Task brief
Copy the lines below verbatim, beginning with the line that includes "Pożegnanie śp. ks." and continuing to the end; leave out everything before it.
────────────────────
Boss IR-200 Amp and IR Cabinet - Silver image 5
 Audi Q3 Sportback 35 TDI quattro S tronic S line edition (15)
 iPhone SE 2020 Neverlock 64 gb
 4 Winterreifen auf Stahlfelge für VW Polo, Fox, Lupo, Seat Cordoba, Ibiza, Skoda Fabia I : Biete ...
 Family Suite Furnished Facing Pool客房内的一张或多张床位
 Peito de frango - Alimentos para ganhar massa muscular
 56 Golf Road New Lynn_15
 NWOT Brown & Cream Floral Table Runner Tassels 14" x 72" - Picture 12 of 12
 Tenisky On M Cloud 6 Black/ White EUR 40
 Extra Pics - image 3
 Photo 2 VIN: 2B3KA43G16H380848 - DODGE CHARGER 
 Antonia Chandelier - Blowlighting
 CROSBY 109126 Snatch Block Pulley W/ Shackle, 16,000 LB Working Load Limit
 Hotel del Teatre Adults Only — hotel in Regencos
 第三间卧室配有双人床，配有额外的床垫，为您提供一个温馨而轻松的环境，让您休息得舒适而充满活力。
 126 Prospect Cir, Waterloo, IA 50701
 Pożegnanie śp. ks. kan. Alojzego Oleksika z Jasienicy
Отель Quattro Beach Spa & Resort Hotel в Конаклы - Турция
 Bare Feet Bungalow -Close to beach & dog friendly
────────────────────
Reply
 Pożegnanie śp. ks. kan. Alojzego Oleksika z Jasienicy
Отель Quattro Beach Spa & Resort Hotel в Конаклы - Турция
 Bare Feet Bungalow -Close to beach & dog friendly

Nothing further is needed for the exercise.